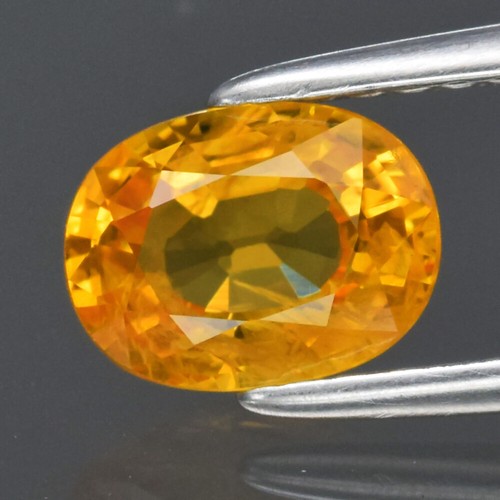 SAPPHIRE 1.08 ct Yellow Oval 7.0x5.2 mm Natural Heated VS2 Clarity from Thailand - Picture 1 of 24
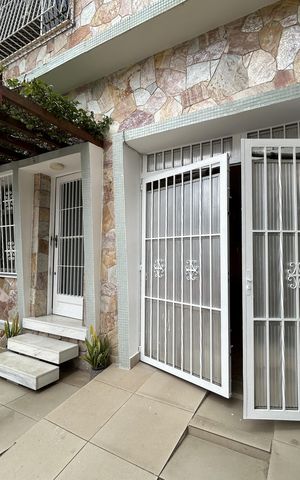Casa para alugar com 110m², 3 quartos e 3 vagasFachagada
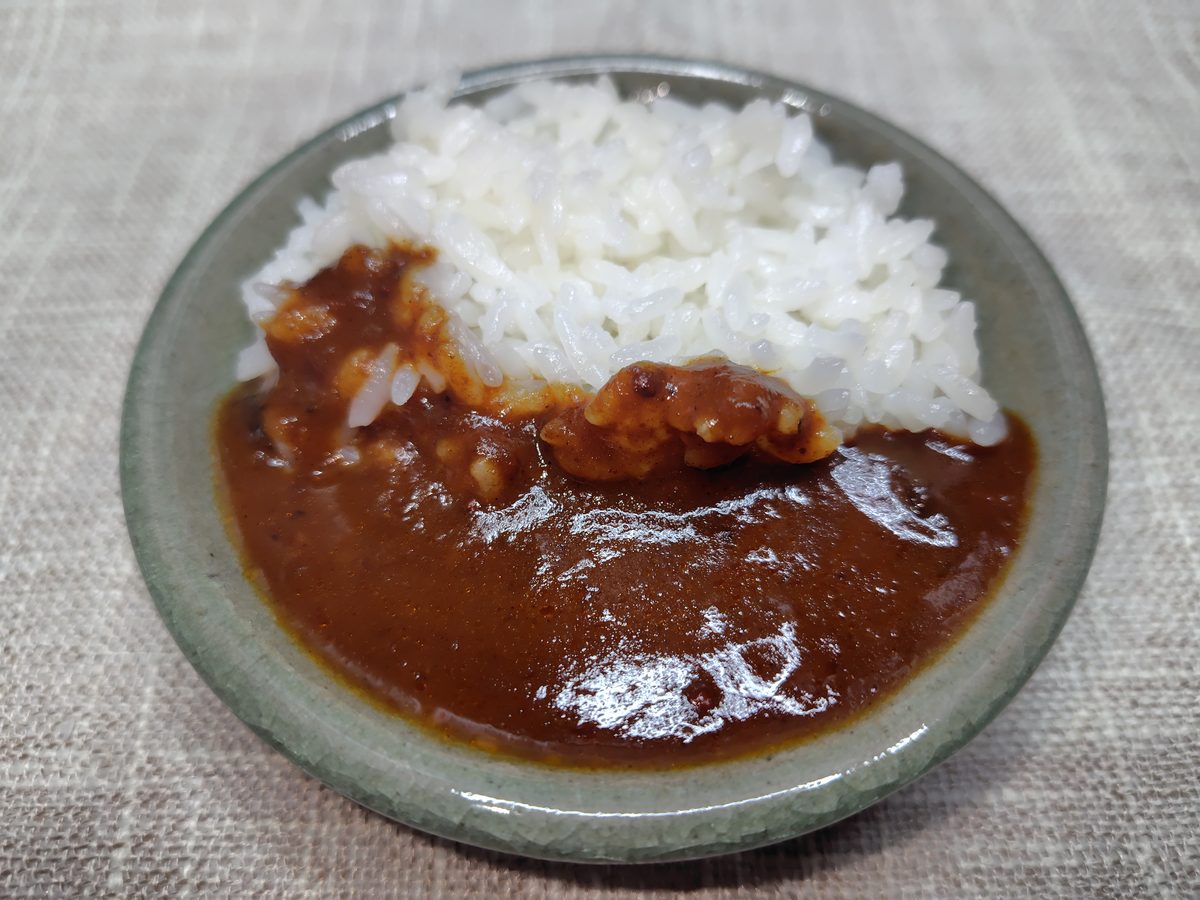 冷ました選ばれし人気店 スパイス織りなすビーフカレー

...

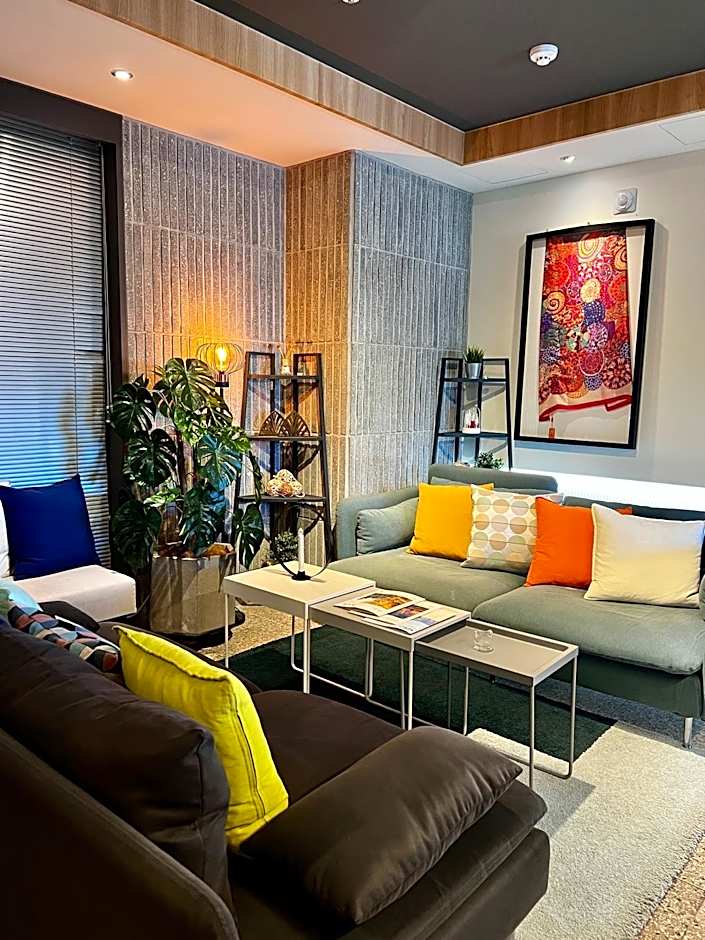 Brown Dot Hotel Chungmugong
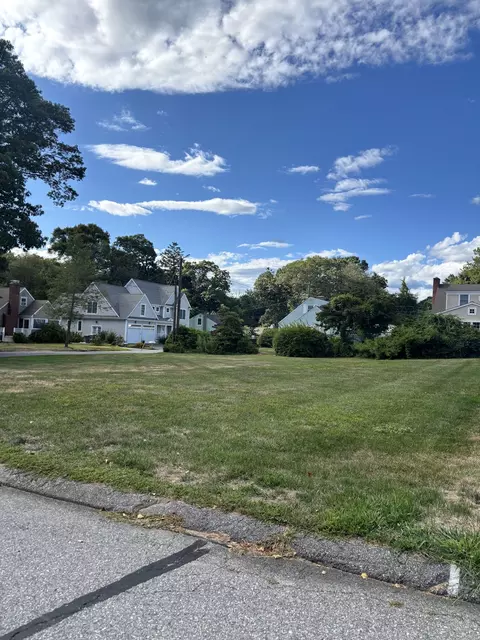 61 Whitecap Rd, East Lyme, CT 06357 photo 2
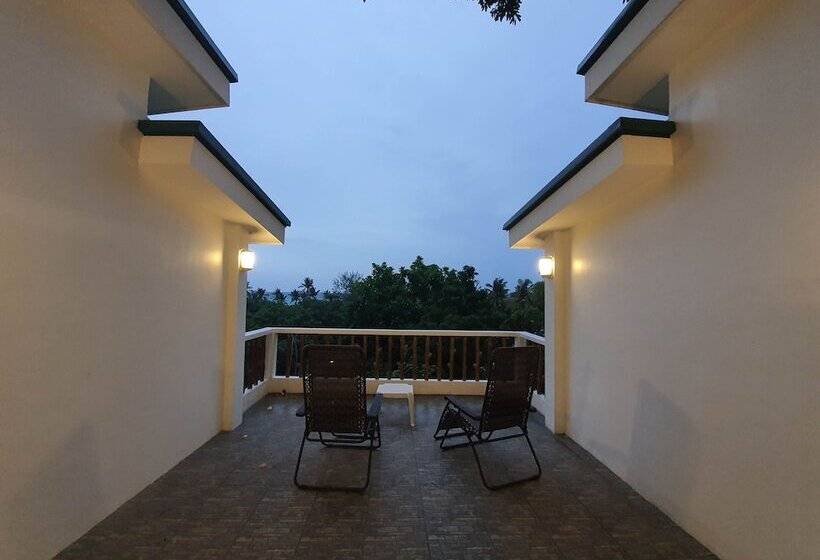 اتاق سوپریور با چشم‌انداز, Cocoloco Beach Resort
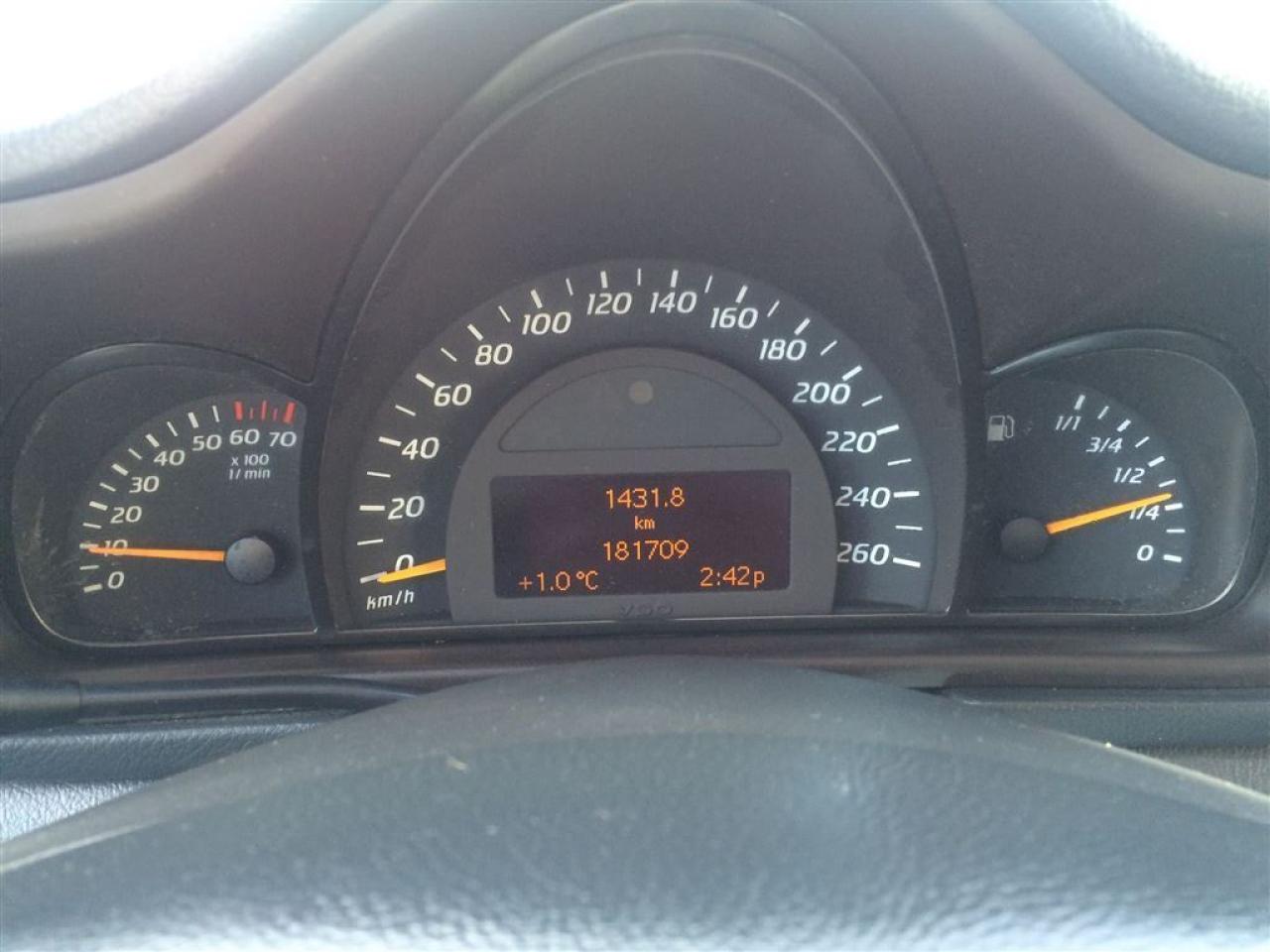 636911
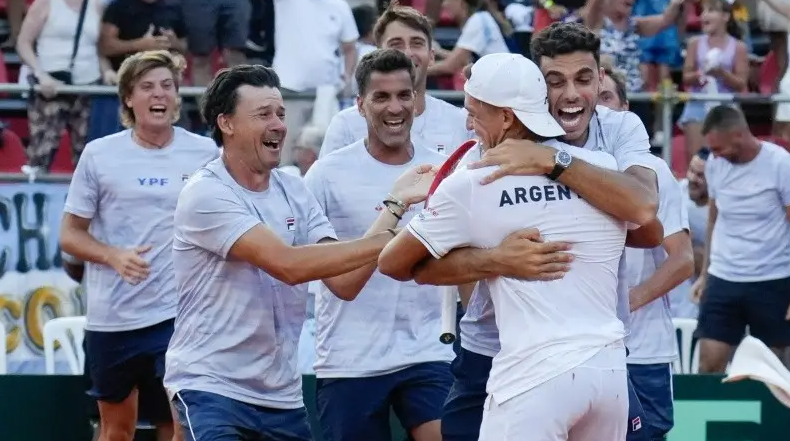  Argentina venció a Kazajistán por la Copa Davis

TASK INSTRUCTIONS => Return only the part above that opens with the line containing "Casa para alugar" and closes with the line containing "冷ました選ばれし人気店 スパイス織りなすビーフカレー", exactly and with both ends, skipping the pictures.

RESPONSE BOX =>
Casa para alugar com 110m², 3 quartos e 3 vagasFachagada
 冷ました選ばれし人気店 スパイス織りなすビーフカレー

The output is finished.